**Requirement**
The listing that follows must be given again in full and exactly.

★ ★ ★ ★ ★

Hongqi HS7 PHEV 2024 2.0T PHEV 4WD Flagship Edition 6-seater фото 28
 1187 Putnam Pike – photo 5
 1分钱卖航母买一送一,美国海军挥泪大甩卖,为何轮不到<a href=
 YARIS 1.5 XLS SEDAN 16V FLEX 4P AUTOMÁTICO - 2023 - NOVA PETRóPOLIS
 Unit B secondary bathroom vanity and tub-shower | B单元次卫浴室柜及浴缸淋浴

★ ★ ★ ★ ★

**Task solution**
Hongqi HS7 PHEV 2024 2.0T PHEV 4WD Flagship Edition 6-seater фото 28
 1187 Putnam Pike – photo 5
 1分钱卖航母买一送一,美国海军挥泪大甩卖,为何轮不到<a href=
 YARIS 1.5 XLS SEDAN 16V FLEX 4P AUTOMÁTICO - 2023 - NOVA PETRóPOLIS
 Unit B secondary bathroom vanity and tub-shower | B单元次卫浴室柜及浴缸淋浴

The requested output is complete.